Did cartoonist Billy Ireland really drive out the Columbus, Ohio KKK?

Shortly after the Capitol riot of January 6, I heard a story that got me thinking about America’s long history of far-right rebellion, and especially about the power of satire and ridicule as a weapon against racist mobs. The story came up on a Shabbat Zoom call with my grandmother. It concerned a chapter in the history of Columbus, Ohio—where both of us grew up and where my family lives still. She recounted hearing as a child about a popular cartoonist at the Columbus Dispatch named Billy Ireland who in the 1920s had caricatured the Ku Klux Klan so mercilessly that the group, humiliated by his work, shuttered its local chapter.

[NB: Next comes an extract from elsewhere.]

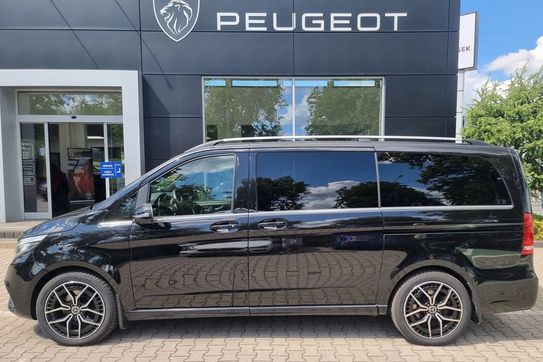 Mercedes V Klasa 300 d 4-Matic Exclusive 9G-Tronic (długi)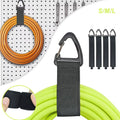 Heavy-Duty Hook & Loop Cable Straps with Carabiner — Swuffy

The story seemed implausible—or at least hyperbolic. Newspaper comics entertain and occasionally provoke. Newspaper comics, even the most widely read ones published before the decline of print media, could not singlehandedly collapse a violent hate group in a mid-sized city. Could they?

Beyond my granny’s own recollection of the local lore—she heard the story at school and from her father, she says—traces do appear in the historical record. A 1993 academic article on labor history in Columbus references Ireland’s work in a list of successful anti-Klan actions, claiming the cartoonist “regularly pilloried the Ku Klux Klan in his drawings.” The story undoubtedly gained currency after a glowing James Thurber memoriam to the cartoonist in a 1952 New Yorker piece. Thurber, who knew Ireland from their time together at the Dispatch, wrote that Billy’s

ridicule of the Ku Klux Klan, in the early twenties, was a significant force in the disintegration of the Klan’s local Klavern. Klansmen used to stand, in full bedsheet regalia, on street corners, with lighted cigars protruding from the mouth holes in their hoods, and Billy’s caricatures literally kidded them to death.

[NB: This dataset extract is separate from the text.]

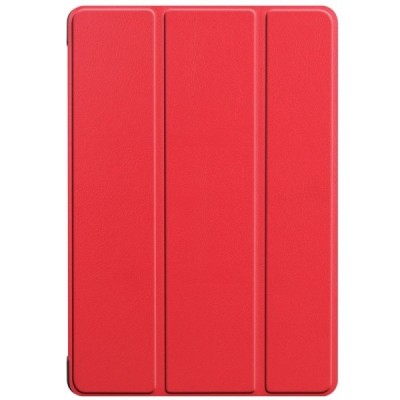 Huawei MediaPad T5 10 atvēramais sarkans maciņš / Vacins.lv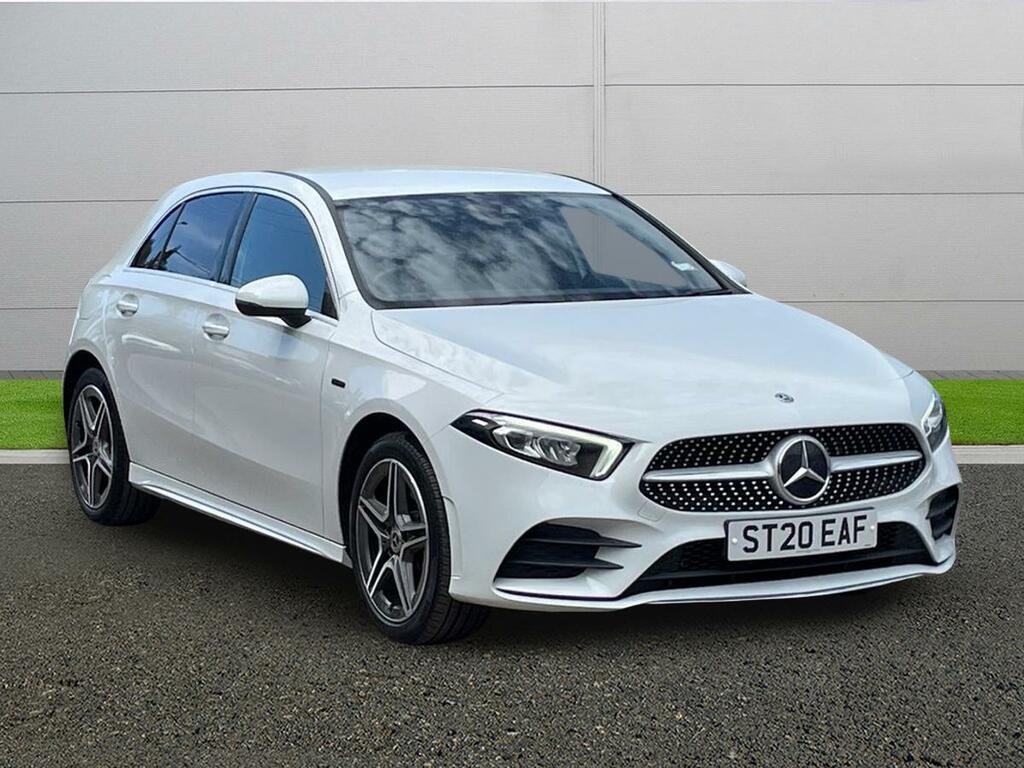 Mercedes-Benz A Class Amg Line White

Still, The New Yorker was not known for rigorous fact-checking back in Thurber’s day and I wondered if there might be more—or less—to the story. With images of the weirdly costumed Capitol rioters fresh in my mind—the guy with face paint and horns, the “Camp Auschwitz” T-Shirts, the militia LARPers—I set out to understand more about the KKK in Ohio in the 1920s and about whether Billy Ireland had somehow deflated them with derision.

Newspaper comics, even the most widely read ones published before the decline of print media, could not singlehandedly collapse a violent hate group in a mid-sized city. Could they?

On a recent trip back to my hometown, I arranged with my grandmother to take a tour of the Billy Ireland Cartoon Library and Museum, located on the Ohio State University’s campus, which hosts a magnificent collection of cartoon art from around the world. Its foyer, inside a cavernous, bright building in downtown Columbus, features samples of Ireland’s full-page Sunday cartoon feature called The Passing Show.

The museum allows online access to all Ireland’s Passing Show strips, and the images are impressive enough in pixelated form. But I found them especially remarkable in person. Ireland’s draftsmanship and techniques were stunning. The drawings are witty and appealingly local. And the newspaper pages were staggeringly big—much larger than I expected. I was surprised the Dispatch ever printed on spreads so vast.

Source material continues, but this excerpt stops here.